(YOUR OBJECTIVE) Omit the images and retype the records verbatim.

(Pictures with short captions)
==================================================

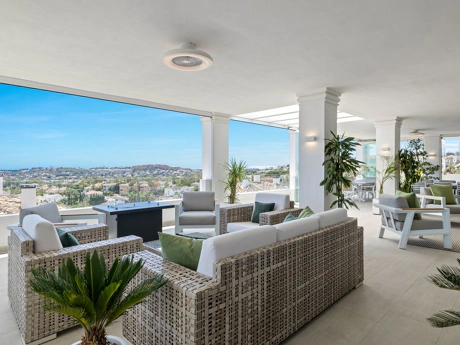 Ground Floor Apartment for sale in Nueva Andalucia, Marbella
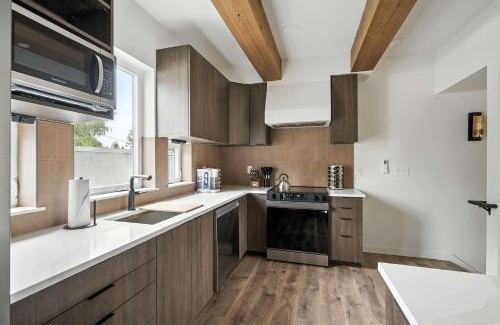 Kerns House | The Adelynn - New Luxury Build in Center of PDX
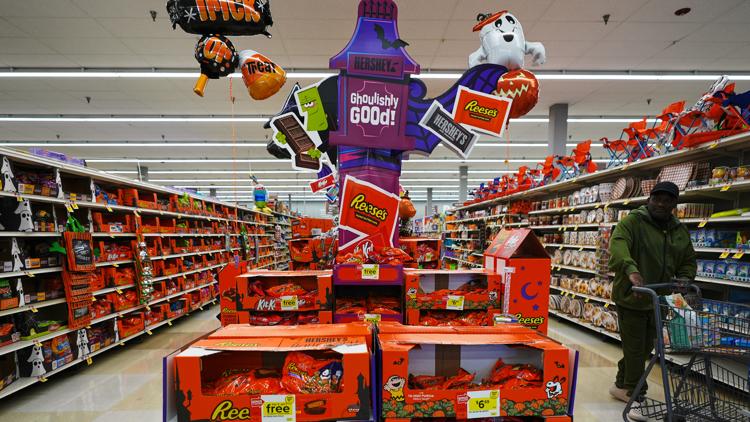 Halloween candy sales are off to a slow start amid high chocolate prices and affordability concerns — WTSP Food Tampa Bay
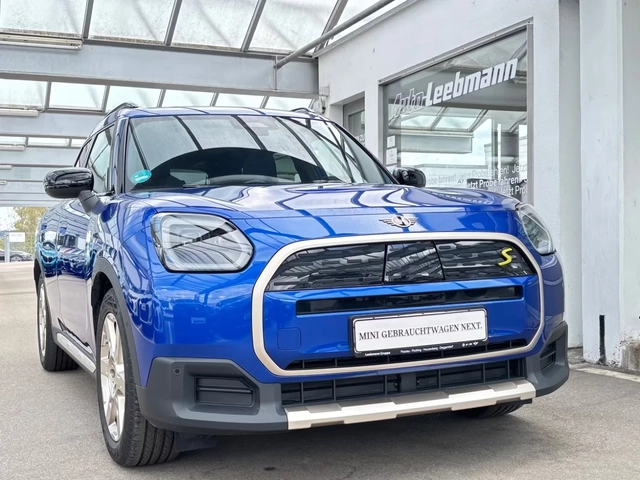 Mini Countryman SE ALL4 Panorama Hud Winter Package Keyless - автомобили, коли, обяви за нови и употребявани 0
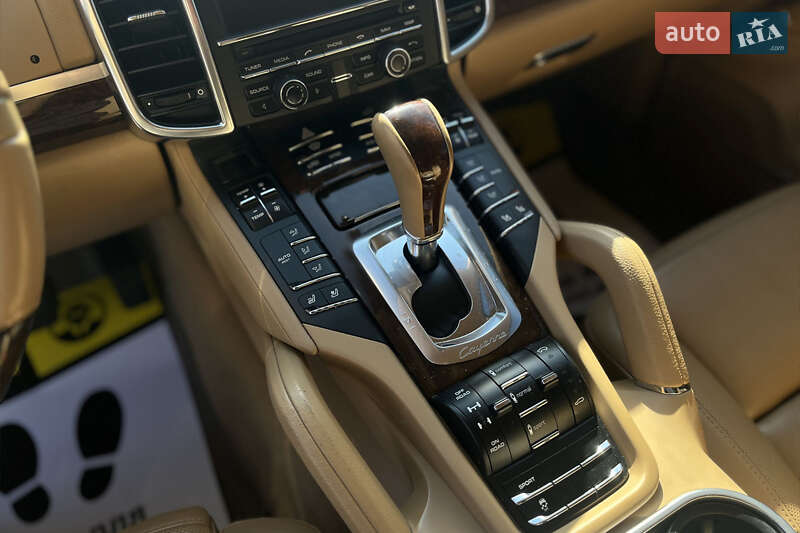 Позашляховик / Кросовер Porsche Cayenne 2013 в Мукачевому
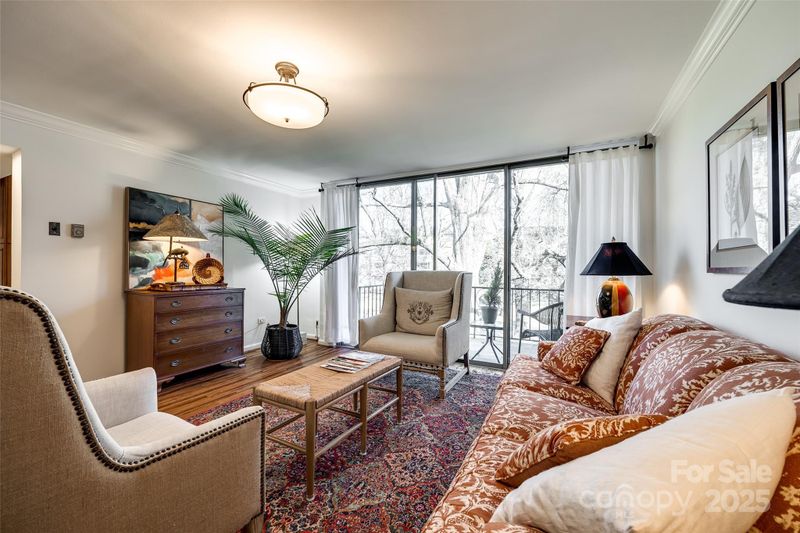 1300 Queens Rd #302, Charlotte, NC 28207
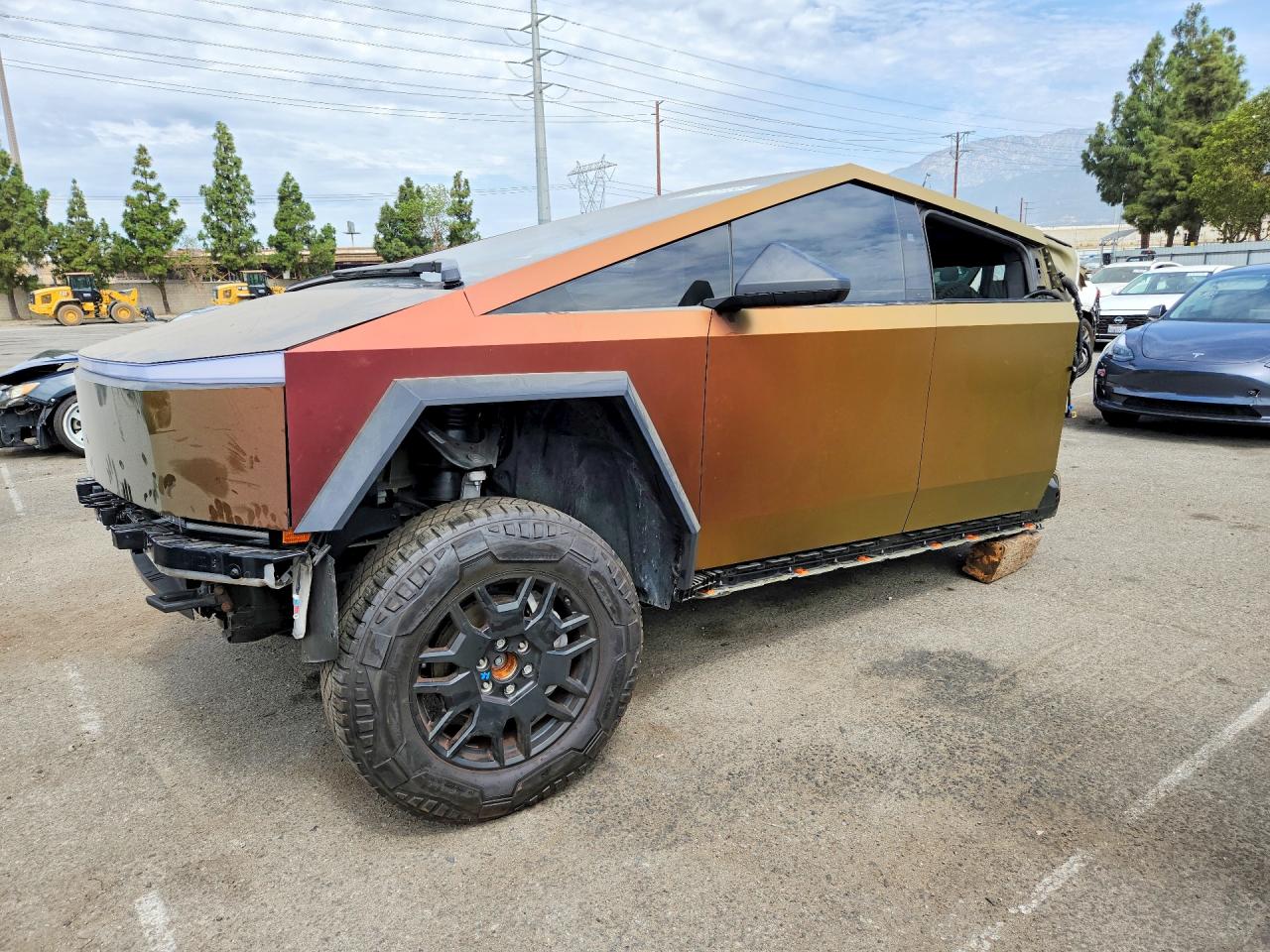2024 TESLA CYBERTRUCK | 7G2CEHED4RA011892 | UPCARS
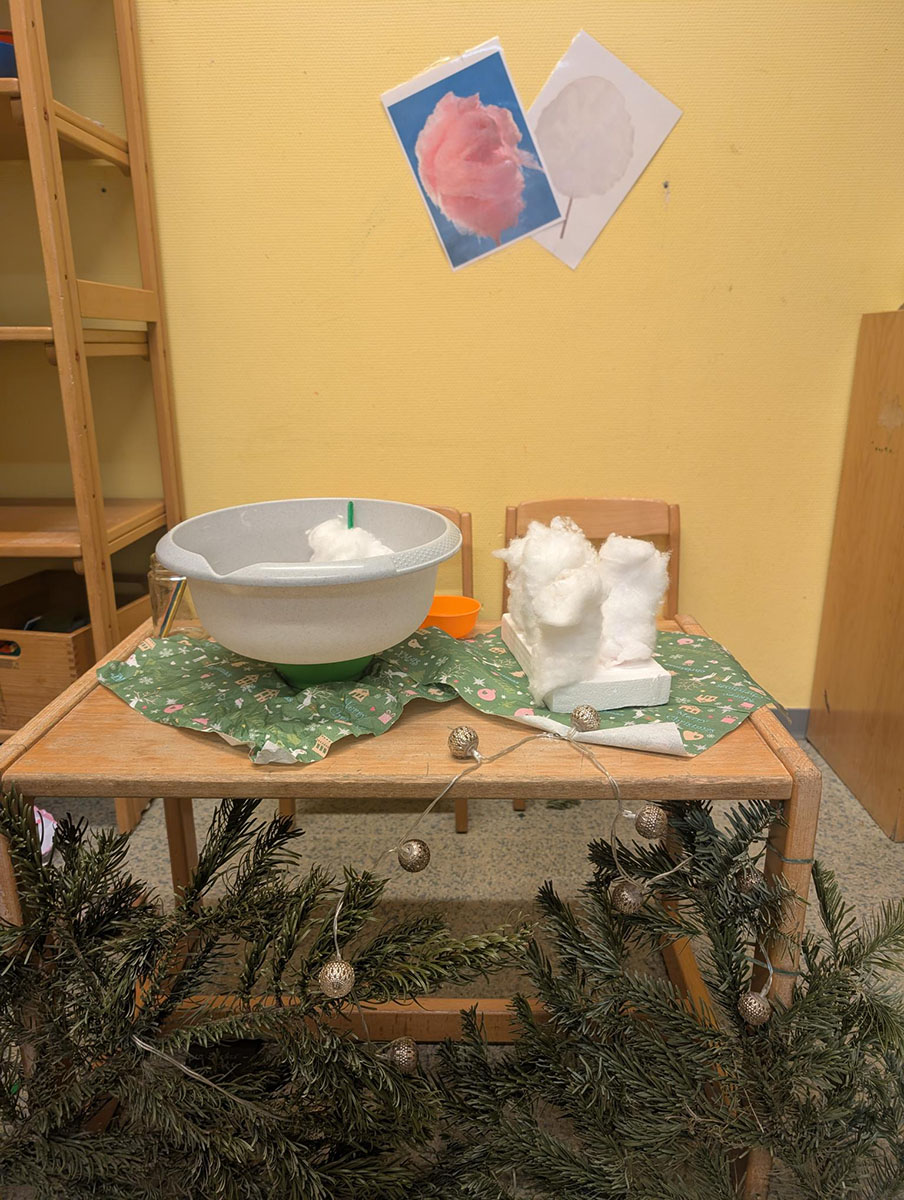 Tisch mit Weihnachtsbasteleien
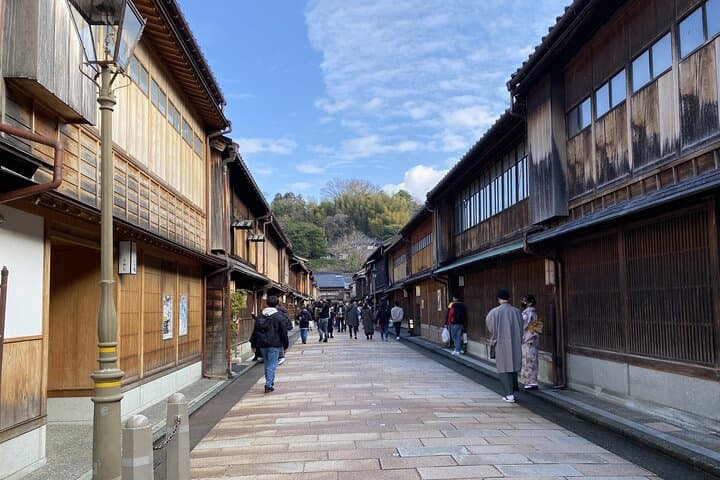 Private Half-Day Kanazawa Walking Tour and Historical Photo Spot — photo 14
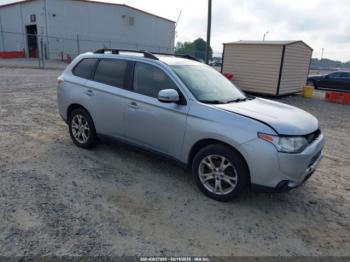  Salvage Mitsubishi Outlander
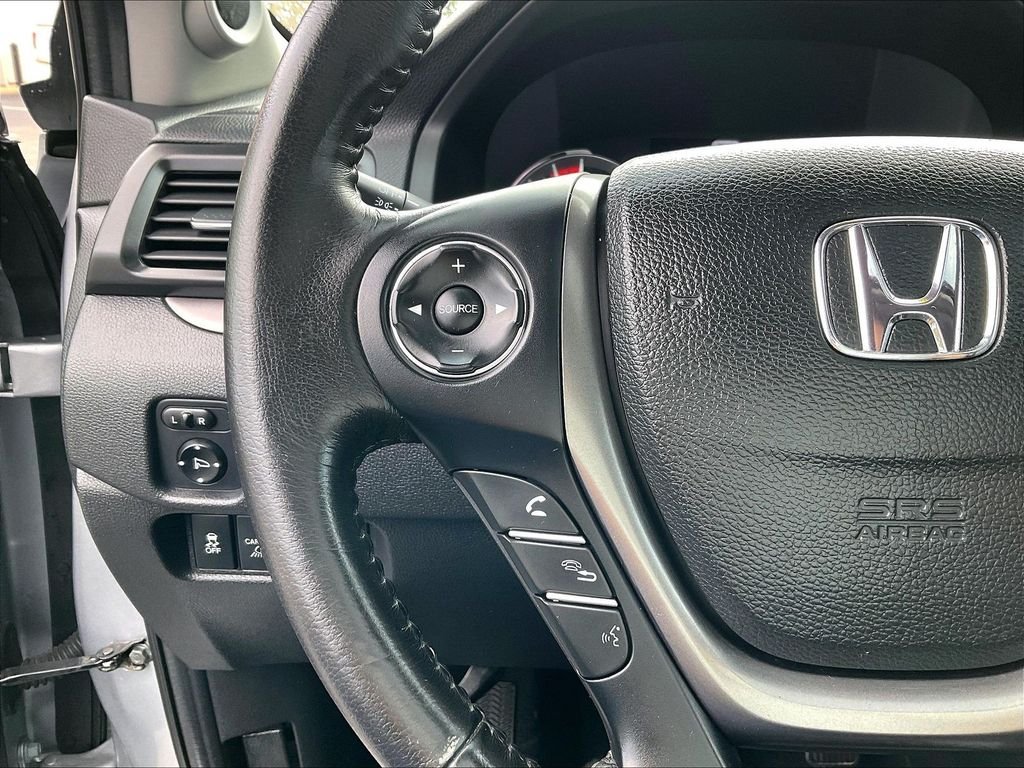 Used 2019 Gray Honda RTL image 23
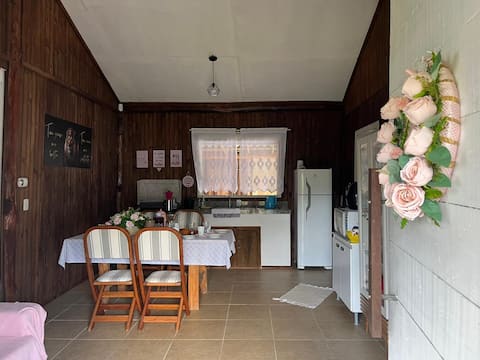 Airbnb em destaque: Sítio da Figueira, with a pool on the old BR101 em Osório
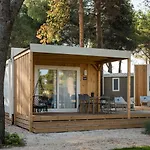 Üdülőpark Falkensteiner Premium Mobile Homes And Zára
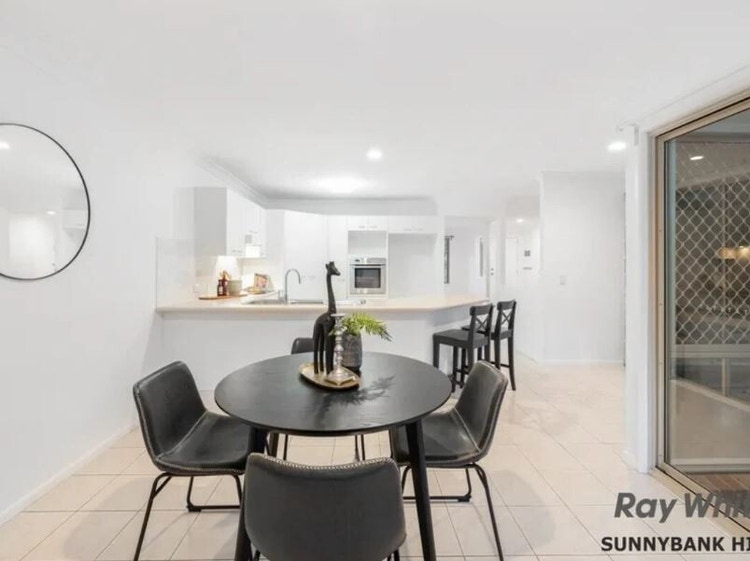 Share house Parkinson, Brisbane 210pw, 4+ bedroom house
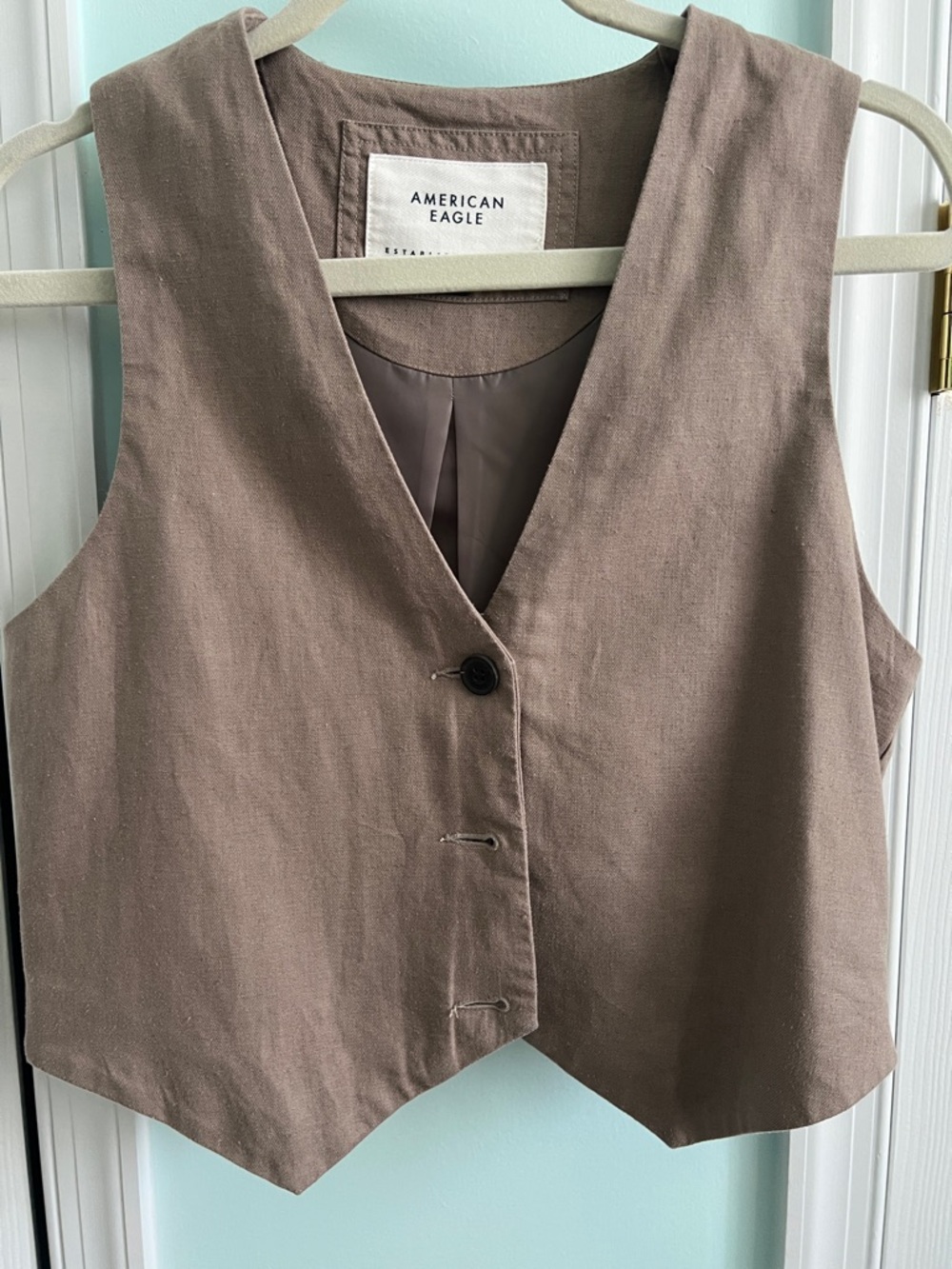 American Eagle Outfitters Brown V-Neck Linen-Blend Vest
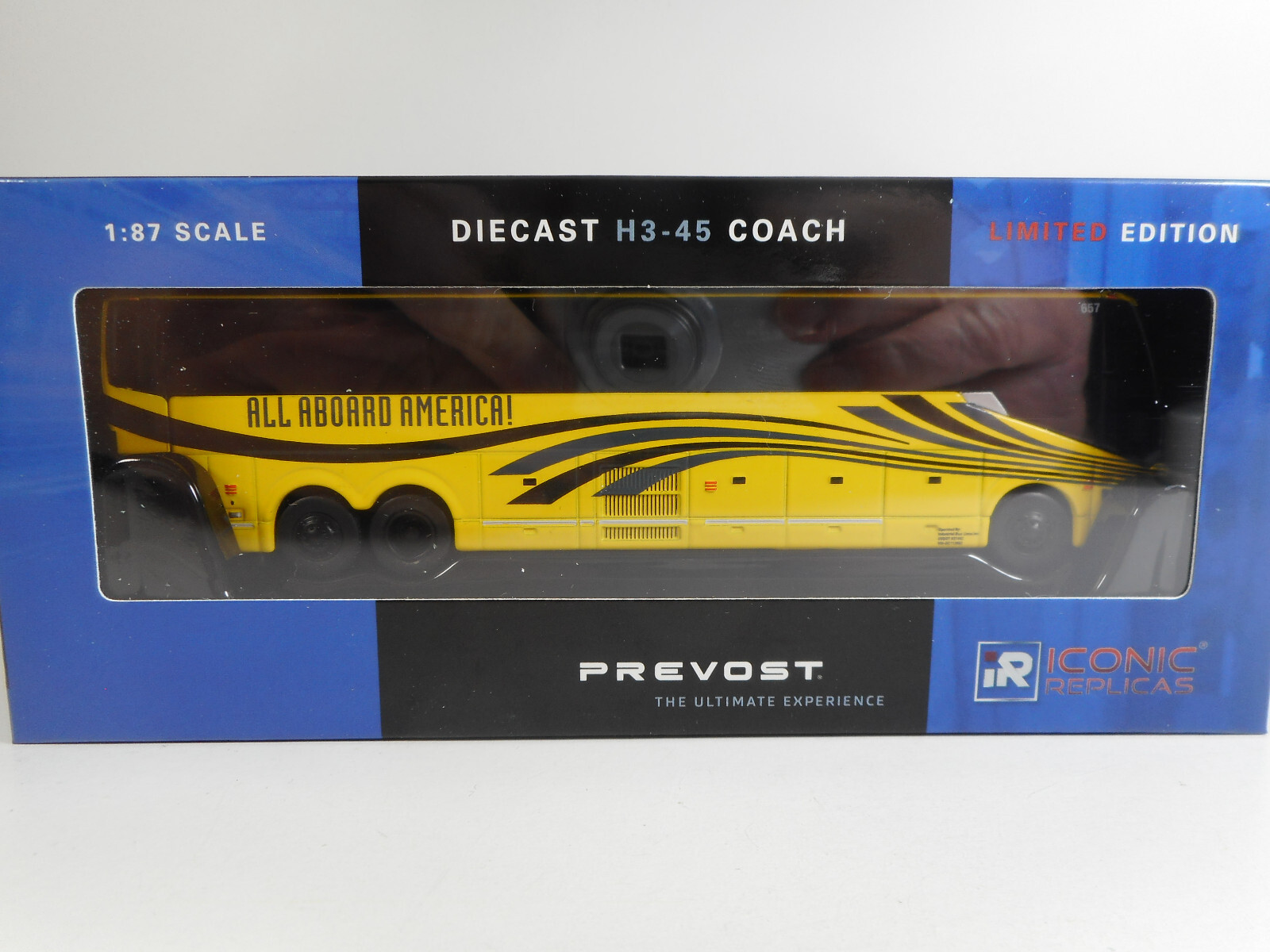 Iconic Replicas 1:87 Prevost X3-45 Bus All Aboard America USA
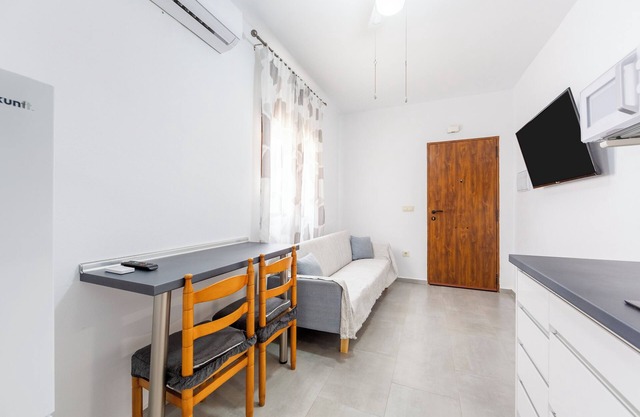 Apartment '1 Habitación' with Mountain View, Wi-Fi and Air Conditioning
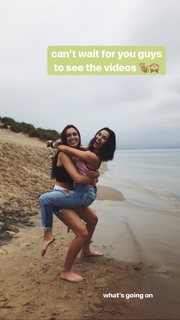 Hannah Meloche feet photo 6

==================================================

(WRITTEN RESPONSE)
 Ground Floor Apartment for sale in Nueva Andalucia, Marbella
 Kerns House | The Adelynn - New Luxury Build in Center of PDX
 Halloween candy sales are off to a slow start amid high chocolate prices and affordability concerns — WTSP Food Tampa Bay
 Mini Countryman SE ALL4 Panorama Hud Winter Package Keyless - автомобили, коли, обяви за нови и употребявани 0
 Позашляховик / Кросовер Porsche Cayenne 2013 в Мукачевому
 1300 Queens Rd #302, Charlotte, NC 28207
2024 TESLA CYBERTRUCK | 7G2CEHED4RA011892 | UPCARS
 Tisch mit Weihnachtsbasteleien
 Private Half-Day Kanazawa Walking Tour and Historical Photo Spot — photo 14
  Salvage Mitsubishi Outlander
 Used 2019 Gray Honda RTL image 23
 Airbnb em destaque: Sítio da Figueira, with a pool on the old BR101 em Osório
 Üdülőpark Falkensteiner Premium Mobile Homes And Zára
 Share house Parkinson, Brisbane 210pw, 4+ bedroom house
 American Eagle Outfitters Brown V-Neck Linen-Blend Vest
 Iconic Replicas 1:87 Prevost X3-45 Bus All Aboard America USA
 Apartment '1 Habitación' with Mountain View, Wi-Fi and Air Conditioning
 Hannah Meloche feet photo 6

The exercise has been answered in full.